Records for this exercise —
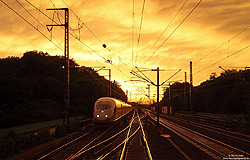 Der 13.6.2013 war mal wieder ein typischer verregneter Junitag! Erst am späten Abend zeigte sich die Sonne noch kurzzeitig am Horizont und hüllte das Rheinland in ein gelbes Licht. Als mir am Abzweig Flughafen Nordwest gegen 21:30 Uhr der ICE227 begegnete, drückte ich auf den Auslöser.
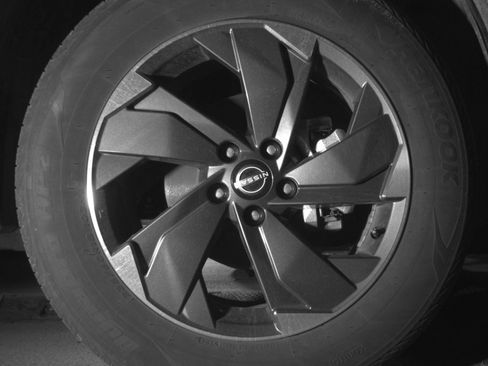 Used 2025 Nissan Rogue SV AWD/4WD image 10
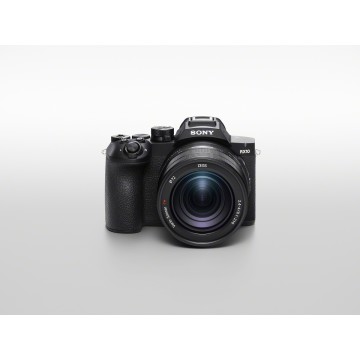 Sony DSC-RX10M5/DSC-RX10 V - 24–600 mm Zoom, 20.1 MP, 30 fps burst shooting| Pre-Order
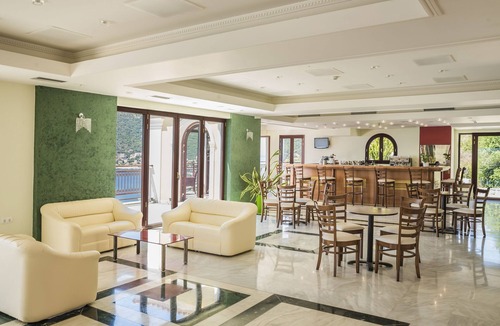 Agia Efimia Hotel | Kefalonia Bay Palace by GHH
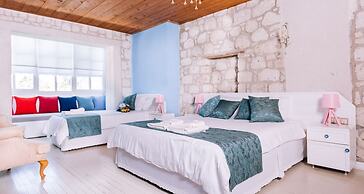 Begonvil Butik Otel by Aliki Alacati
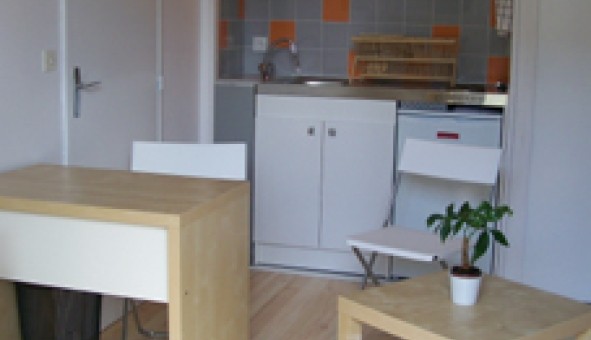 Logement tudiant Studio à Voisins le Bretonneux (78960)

...

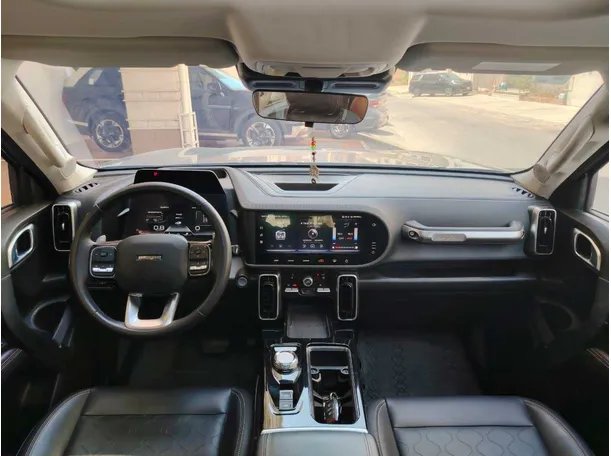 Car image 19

Problem — In the entries above, find the line containing "Der 13.6.2013 war" and the line containing "Logement tudiant Studio", then copy both and every line between them exactly, without any picture.

Solved problem —
 Der 13.6.2013 war mal wieder ein typischer verregneter Junitag! Erst am späten Abend zeigte sich die Sonne noch kurzzeitig am Horizont und hüllte das Rheinland in ein gelbes Licht. Als mir am Abzweig Flughafen Nordwest gegen 21:30 Uhr der ICE227 begegnete, drückte ich auf den Auslöser.
 Used 2025 Nissan Rogue SV AWD/4WD image 10
 Sony DSC-RX10M5/DSC-RX10 V - 24–600 mm Zoom, 20.1 MP, 30 fps burst shooting| Pre-Order
 Agia Efimia Hotel | Kefalonia Bay Palace by GHH
 Begonvil Butik Otel by Aliki Alacati
 Logement tudiant Studio à Voisins le Bretonneux (78960)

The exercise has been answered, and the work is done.